[Opening Dataset section section]

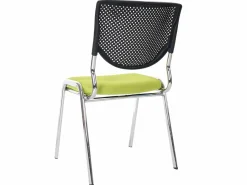 MCW Silla Conferencia|Silla para visitas H401 Apilable, asiento verde, pies cromados
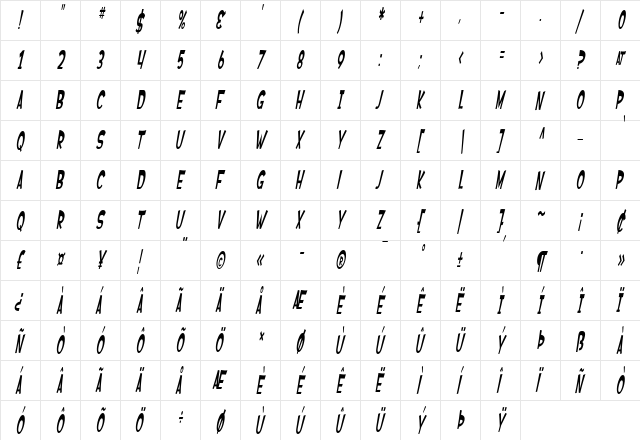 SF Ferretopia Oblique font glyphpreview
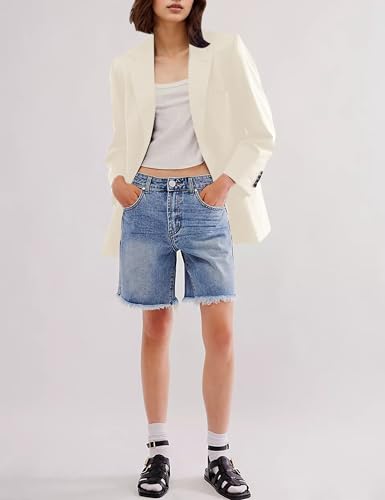 Women Casual Oversized Blazers Bow Tie Blazer Suit Lapel Open Front Office Blazer Jacket Button Down Work Cardigan2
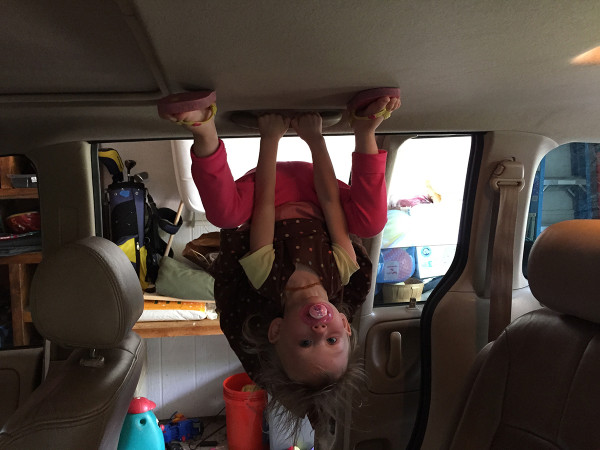 lucia playing in car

[Closing Dataset section section]

■ **What to do**
Please print the span that begins at the line holding "Women Casual Oversized" and ends at the last line of the data, both ends included, with no pictures.

■ **Answer section**
 Women Casual Oversized Blazers Bow Tie Blazer Suit Lapel Open Front Office Blazer Jacket Button Down Work Cardigan2
 lucia playing in car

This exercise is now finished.